# Given data

========

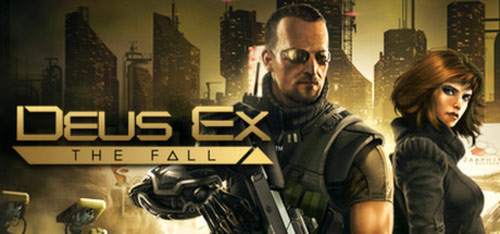 Deus Ex: The Fall(PC/mobile) Review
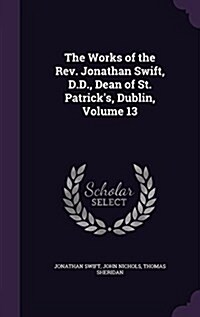 The Works of the REV. Jonathan Swift, D.D., Dean of St. Patricks, Dublin, Volume 13 (Hardcover)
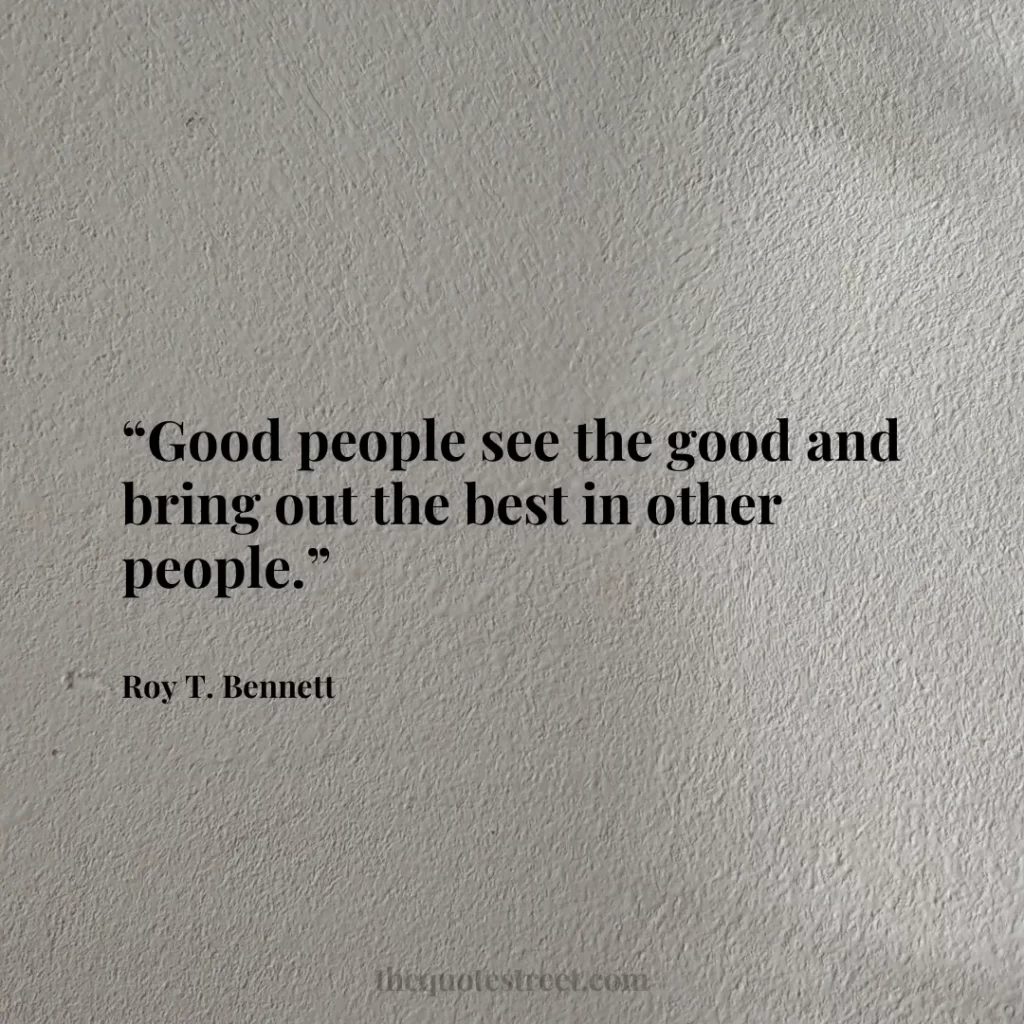 “Good people see the good and bring out the best in other people.”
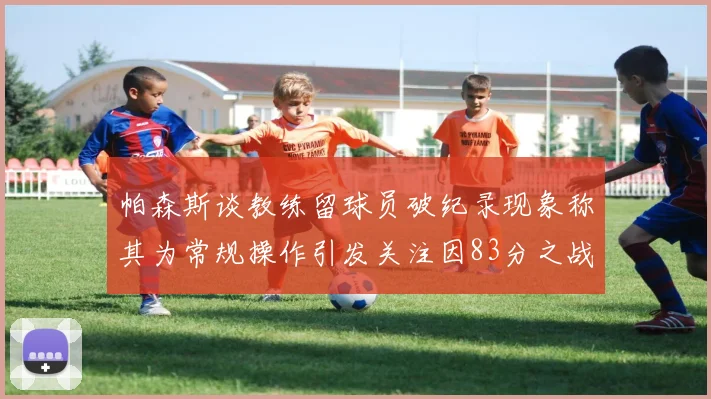 帕森斯谈教练留球员破纪录现象称其为常规操作引发关注因83分之战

========

# Exercise objective
Omit the pictures. Repeat the rest of the data exactly.

# Result
 Deus Ex: The Fall(PC/mobile) Review
 The Works of the REV. Jonathan Swift, D.D., Dean of St. Patricks, Dublin, Volume 13 (Hardcover)
 “Good people see the good and bring out the best in other people.”
 帕森斯谈教练留球员破纪录现象称其为常规操作引发关注因83分之战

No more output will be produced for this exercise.